_About this task_:
Retype, word for word, the line holding "So say that" and every line below it to the end of the listing. Leave out the pictures.
*** Exercise material ***
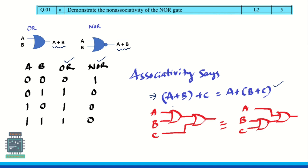If you write the circuit for this, one OR gate gives A plus B first, and then we take C, so it gives A plus B plus C. Similarly, the second OR gate gives B plus C first, and then we take A, so the output is A plus (B plus C).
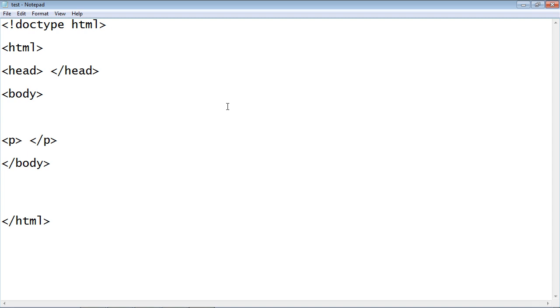Welcome to your ninth tutorial on beginning HTML. This is going to be a quick tutorial. I just wanted to talk about nested elements, and what nested elements are is putting an element inside another element. It's that simple.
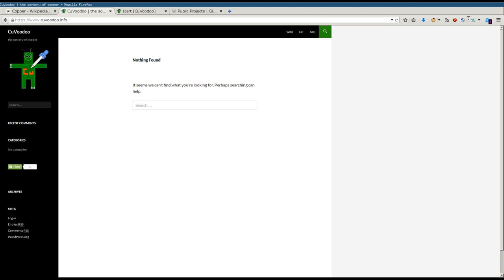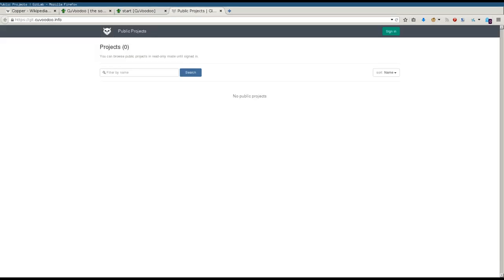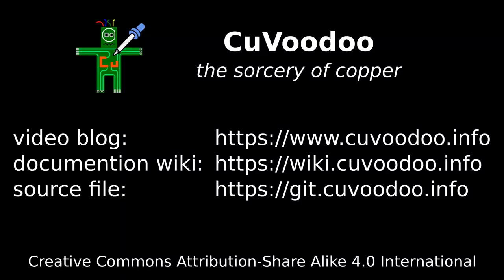This is about the videos. Now, if a topic I presented includes some documentation, you will find it in this wiki. And if I wrote a tool for it or designed some electronics, you will find the source files in this Git version control. By default, I use open source licenses like Creative Commons for the videos and documentation, GPL for the code, and the CERN open hardware license. So you can use it, change it, distribute it, and do almost whatever you want with it. That's it for now, so enjoy it.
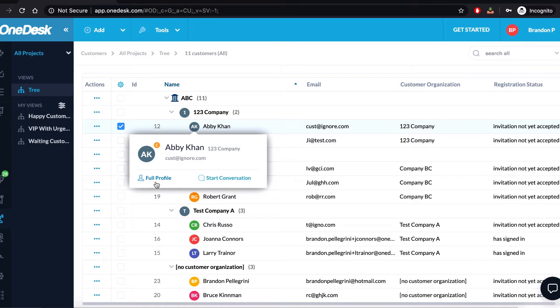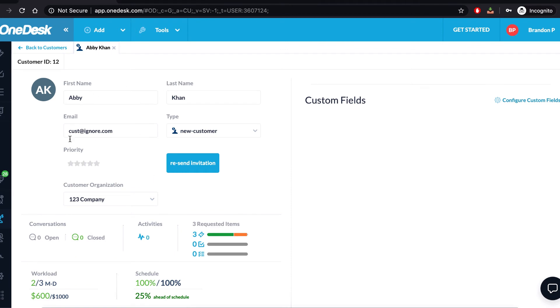So say that I wanted to see Abby Khan's full profile, I would simply just have to click here from her summary card and it would pull up this tab for me.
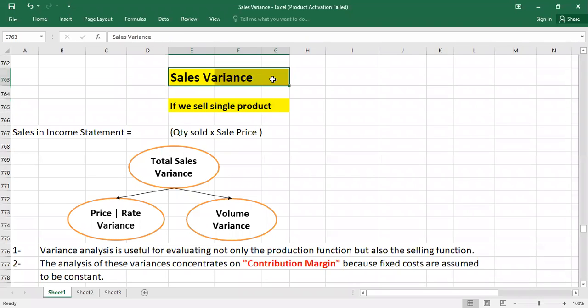Welcome to another video. In this video we are going to talk about how we can calculate the variance for sales revenue. We have two cases: what if we sell only one product, and second, what if we sell multiple products. Here we are going to cover the first scenario.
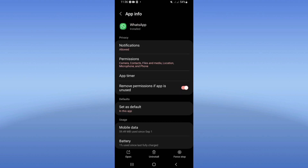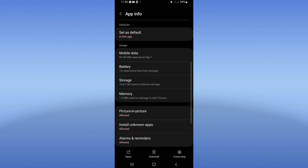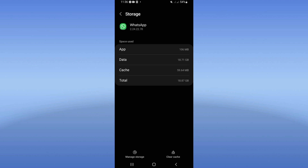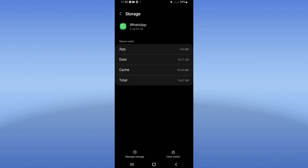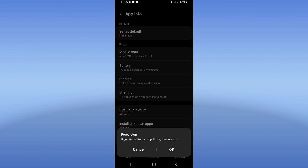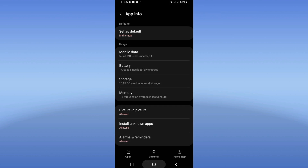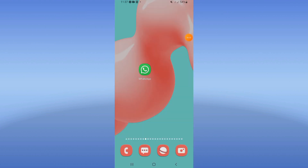Click on it, scroll down the list, click on the storage option, click on clear cache, and go back. Then click force stop and click OK. Go to the Play Store or App Store and update your WhatsApp.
*** End of Exercise material ***
_Solution to this task_:
So say that I wanted to see Abby Khan's full profile, I would simply just have to click here from her summary card and it would pull up this tab for me.
Welcome to another video. In this video we are going to talk about how we can calculate the variance for sales revenue. We have two cases: what if we sell only one product, and second, what if we sell multiple products. Here we are going to cover the first scenario.
Click on it, scroll down the list, click on the storage option, click on clear cache, and go back. Then click force stop and click OK. Go to the Play Store or App Store and update your WhatsApp.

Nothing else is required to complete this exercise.